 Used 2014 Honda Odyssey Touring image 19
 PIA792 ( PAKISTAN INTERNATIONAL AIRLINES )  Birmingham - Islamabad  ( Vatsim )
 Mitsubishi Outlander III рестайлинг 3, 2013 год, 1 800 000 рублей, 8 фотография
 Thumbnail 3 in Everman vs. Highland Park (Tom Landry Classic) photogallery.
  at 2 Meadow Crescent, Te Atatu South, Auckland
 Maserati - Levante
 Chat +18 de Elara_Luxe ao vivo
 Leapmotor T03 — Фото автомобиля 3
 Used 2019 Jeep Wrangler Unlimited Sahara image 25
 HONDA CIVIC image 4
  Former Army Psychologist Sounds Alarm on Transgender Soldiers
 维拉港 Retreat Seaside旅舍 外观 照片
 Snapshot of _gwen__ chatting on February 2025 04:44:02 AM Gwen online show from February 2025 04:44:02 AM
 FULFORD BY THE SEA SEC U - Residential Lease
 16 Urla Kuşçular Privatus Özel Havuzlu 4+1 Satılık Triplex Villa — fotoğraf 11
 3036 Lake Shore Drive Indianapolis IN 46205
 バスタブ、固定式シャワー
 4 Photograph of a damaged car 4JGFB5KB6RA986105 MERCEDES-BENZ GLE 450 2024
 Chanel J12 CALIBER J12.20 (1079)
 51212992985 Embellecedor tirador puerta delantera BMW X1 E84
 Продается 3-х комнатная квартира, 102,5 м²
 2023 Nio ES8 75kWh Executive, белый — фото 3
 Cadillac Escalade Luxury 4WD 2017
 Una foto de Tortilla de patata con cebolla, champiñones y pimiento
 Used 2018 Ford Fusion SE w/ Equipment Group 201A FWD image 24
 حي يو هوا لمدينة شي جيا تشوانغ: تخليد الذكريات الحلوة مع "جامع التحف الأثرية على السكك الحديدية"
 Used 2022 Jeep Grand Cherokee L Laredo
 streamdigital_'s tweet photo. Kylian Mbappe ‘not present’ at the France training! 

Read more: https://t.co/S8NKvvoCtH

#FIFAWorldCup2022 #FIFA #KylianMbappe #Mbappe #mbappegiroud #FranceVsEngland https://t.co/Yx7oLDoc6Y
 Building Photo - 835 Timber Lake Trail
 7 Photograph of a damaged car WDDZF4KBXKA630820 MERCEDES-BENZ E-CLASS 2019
□ □ □ □ □ □ □
◆ **Work order**:
Begin with the line that contains "FULFORD BY THE SEA SEC U - Residential Lease" and end with the last line of the material above. Set down that range exactly.

◆ **Reply**:
 FULFORD BY THE SEA SEC U - Residential Lease
 16 Urla Kuşçular Privatus Özel Havuzlu 4+1 Satılık Triplex Villa — fotoğraf 11
 3036 Lake Shore Drive Indianapolis IN 46205
 バスタブ、固定式シャワー
 4 Photograph of a damaged car 4JGFB5KB6RA986105 MERCEDES-BENZ GLE 450 2024
 Chanel J12 CALIBER J12.20 (1079)
 51212992985 Embellecedor tirador puerta delantera BMW X1 E84
 Продается 3-х комнатная квартира, 102,5 м²
 2023 Nio ES8 75kWh Executive, белый — фото 3
 Cadillac Escalade Luxury 4WD 2017
 Una foto de Tortilla de patata con cebolla, champiñones y pimiento
 Used 2018 Ford Fusion SE w/ Equipment Group 201A FWD image 24
 حي يو هوا لمدينة شي جيا تشوانغ: تخليد الذكريات الحلوة مع "جامع التحف الأثرية على السكك الحديدية"
 Used 2022 Jeep Grand Cherokee L Laredo
 streamdigital_'s tweet photo. Kylian Mbappe ‘not present’ at the France training! 

Read more: https://t.co/S8NKvvoCtH

#FIFAWorldCup2022 #FIFA #KylianMbappe #Mbappe #mbappegiroud #FranceVsEngland https://t.co/Yx7oLDoc6Y
 Building Photo - 835 Timber Lake Trail
 7 Photograph of a damaged car WDDZF4KBXKA630820 MERCEDES-BENZ E-CLASS 2019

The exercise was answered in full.